▸ What you are asked to do
Among the entries below, find each line holding "Court" and return it.

Caption-style text data:
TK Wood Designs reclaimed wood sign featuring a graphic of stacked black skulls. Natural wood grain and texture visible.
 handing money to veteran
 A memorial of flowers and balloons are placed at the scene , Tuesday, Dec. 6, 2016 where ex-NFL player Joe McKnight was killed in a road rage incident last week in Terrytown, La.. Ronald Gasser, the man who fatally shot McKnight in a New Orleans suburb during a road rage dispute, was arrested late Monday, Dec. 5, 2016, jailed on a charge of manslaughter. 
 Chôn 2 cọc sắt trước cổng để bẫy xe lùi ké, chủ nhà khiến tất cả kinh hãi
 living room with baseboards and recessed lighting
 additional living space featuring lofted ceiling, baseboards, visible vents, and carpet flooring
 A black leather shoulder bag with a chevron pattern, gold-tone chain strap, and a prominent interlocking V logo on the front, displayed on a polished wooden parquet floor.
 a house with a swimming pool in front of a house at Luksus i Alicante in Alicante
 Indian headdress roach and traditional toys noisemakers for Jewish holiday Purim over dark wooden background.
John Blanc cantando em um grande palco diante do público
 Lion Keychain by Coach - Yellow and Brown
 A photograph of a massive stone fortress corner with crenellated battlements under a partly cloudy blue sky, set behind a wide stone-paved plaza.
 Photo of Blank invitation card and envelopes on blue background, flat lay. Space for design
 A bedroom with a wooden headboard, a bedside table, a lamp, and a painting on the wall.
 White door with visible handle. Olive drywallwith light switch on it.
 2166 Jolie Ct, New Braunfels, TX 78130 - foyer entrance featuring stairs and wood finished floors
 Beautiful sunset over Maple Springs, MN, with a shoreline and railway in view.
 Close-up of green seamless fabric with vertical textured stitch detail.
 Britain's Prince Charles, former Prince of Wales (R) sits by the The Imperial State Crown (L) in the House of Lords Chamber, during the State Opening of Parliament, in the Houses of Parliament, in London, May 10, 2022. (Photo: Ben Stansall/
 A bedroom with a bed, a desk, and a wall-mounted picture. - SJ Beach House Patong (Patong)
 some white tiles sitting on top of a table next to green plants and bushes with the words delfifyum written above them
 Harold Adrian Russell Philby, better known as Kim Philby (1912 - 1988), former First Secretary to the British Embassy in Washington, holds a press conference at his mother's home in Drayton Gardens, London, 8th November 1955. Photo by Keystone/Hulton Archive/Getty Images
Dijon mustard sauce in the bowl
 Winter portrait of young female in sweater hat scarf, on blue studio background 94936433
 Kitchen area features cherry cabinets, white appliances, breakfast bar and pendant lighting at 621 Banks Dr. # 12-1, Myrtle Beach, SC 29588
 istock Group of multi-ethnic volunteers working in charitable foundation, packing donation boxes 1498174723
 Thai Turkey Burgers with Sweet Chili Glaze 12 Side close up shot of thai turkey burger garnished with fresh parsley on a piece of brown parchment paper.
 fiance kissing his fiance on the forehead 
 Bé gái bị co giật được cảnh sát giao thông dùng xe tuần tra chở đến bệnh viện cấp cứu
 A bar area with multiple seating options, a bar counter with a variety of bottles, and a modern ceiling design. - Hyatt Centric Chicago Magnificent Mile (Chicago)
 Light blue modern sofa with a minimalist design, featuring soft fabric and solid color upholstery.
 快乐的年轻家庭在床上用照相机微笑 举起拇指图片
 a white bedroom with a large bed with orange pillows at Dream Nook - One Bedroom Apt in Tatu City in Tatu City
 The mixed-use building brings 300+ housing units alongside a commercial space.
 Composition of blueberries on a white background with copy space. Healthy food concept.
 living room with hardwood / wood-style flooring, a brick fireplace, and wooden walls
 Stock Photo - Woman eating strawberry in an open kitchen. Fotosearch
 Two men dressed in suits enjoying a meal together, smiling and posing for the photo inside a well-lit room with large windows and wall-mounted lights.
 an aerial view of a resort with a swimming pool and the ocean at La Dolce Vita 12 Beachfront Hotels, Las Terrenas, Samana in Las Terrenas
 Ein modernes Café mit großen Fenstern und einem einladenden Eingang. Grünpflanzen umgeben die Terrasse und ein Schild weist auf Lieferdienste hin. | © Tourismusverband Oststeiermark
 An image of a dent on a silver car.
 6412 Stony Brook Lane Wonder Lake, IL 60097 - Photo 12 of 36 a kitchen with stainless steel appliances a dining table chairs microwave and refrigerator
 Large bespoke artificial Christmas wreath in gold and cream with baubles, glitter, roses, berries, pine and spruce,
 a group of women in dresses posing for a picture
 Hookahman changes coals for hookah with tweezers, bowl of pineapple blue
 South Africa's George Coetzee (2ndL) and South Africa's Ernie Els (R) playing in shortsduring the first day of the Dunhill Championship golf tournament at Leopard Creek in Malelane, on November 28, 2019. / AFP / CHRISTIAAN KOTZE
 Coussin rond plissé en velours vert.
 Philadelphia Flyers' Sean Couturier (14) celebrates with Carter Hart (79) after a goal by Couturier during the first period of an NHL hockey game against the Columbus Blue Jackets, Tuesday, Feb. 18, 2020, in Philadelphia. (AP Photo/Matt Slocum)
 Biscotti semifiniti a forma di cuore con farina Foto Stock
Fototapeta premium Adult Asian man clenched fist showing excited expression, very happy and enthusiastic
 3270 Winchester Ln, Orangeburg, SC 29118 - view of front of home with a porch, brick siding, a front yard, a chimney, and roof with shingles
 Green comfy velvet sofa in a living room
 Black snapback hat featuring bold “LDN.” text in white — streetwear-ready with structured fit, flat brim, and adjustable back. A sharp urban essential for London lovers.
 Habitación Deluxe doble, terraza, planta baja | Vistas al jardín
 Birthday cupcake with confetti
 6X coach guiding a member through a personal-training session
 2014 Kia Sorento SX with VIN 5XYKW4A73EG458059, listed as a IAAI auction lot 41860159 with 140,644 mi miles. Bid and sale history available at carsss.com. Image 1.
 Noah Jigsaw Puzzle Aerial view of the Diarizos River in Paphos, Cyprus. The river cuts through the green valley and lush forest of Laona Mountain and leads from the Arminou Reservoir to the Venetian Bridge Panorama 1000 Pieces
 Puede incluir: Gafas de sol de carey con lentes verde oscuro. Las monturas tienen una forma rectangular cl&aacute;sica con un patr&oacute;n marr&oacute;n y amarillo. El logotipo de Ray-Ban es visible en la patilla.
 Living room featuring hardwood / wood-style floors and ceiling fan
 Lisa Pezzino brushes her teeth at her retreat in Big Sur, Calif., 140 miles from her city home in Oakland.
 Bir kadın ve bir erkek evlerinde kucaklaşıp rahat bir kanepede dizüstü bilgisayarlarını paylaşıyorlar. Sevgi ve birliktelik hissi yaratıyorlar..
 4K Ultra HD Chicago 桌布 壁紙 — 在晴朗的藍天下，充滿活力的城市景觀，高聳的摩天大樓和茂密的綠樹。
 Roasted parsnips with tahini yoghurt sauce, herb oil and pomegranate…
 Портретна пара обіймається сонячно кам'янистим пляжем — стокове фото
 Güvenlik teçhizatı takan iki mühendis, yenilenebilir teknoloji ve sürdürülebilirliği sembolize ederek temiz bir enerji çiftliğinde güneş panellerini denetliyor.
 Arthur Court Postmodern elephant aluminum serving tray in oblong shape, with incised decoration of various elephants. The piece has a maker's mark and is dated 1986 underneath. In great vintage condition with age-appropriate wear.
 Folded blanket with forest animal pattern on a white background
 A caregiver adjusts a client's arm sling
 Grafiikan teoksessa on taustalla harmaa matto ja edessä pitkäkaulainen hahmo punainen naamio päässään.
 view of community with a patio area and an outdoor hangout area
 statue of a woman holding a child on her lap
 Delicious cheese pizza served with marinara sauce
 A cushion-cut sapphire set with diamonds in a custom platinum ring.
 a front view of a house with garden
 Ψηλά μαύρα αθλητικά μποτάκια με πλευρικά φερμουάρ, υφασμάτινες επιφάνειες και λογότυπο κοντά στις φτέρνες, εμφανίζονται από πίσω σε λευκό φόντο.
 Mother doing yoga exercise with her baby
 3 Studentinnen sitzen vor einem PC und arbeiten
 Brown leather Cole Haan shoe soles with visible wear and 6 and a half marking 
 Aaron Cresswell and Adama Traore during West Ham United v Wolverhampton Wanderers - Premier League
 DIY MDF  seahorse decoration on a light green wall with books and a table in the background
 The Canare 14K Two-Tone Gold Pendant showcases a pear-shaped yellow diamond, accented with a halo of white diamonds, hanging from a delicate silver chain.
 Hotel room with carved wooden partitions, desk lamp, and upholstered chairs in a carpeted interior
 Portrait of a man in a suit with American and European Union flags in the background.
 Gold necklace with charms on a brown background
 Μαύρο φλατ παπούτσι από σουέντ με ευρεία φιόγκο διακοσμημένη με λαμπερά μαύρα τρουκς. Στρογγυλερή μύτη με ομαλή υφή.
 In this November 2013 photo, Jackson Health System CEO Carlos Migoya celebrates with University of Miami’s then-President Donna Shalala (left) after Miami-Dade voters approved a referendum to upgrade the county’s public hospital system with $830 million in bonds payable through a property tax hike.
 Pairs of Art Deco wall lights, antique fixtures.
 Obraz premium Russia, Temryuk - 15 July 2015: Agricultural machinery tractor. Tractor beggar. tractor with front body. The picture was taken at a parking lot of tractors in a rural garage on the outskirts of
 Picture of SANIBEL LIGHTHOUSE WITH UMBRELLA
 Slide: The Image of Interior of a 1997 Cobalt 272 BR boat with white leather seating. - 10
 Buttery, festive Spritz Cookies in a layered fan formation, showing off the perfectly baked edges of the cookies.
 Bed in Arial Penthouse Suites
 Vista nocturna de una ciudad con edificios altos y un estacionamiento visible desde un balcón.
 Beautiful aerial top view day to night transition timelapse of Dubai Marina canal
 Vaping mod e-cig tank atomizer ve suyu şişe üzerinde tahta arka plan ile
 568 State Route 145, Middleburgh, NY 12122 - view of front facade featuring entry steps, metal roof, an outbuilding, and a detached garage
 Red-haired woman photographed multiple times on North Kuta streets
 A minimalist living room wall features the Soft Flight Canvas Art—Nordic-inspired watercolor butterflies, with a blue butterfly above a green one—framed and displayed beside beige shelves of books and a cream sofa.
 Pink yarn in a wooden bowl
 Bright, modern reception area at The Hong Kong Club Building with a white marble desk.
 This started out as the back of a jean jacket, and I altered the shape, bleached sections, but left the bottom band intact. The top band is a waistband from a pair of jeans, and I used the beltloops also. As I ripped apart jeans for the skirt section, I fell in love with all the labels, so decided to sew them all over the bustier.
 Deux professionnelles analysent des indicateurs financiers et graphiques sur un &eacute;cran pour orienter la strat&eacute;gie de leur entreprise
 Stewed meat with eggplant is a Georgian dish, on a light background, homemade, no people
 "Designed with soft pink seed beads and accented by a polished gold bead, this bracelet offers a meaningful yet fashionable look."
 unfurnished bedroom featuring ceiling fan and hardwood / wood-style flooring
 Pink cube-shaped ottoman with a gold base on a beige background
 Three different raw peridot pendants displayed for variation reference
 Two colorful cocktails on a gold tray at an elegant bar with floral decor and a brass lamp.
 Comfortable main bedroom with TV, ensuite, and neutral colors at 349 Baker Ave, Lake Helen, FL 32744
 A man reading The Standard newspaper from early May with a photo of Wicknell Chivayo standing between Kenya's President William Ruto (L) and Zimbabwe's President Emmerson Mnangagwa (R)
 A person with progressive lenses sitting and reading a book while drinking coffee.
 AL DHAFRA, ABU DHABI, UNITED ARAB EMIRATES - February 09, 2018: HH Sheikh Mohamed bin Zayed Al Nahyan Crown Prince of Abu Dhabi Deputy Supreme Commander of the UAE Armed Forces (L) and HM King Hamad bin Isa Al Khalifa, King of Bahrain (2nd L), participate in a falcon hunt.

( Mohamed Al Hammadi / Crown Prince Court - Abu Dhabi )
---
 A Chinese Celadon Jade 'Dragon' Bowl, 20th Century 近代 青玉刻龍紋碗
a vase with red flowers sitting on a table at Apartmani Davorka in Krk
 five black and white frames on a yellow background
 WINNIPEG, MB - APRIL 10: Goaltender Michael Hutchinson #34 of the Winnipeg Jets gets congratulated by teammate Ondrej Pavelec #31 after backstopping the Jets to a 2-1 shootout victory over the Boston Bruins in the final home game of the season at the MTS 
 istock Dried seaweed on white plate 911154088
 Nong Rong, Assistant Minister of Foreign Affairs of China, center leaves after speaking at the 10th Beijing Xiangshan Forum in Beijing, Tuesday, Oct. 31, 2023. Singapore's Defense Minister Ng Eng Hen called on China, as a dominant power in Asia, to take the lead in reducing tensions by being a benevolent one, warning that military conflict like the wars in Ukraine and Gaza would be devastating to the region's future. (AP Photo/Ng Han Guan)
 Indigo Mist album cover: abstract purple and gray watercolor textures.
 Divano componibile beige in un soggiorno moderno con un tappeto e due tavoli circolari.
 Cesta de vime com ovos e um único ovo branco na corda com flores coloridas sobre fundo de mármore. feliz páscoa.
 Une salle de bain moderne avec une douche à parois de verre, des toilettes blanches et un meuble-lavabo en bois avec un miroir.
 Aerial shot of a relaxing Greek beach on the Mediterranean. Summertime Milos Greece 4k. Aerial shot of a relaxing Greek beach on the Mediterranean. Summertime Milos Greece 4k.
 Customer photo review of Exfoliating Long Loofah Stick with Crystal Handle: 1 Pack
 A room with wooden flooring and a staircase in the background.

▸ Completed exercise
 Arthur Court Postmodern elephant aluminum serving tray in oblong shape, with incised decoration of various elephants. The piece has a maker's mark and is dated 1986 underneath. In great vintage condition with age-appropriate wear.
( Mohamed Al Hammadi / Crown Prince Court - Abu Dhabi )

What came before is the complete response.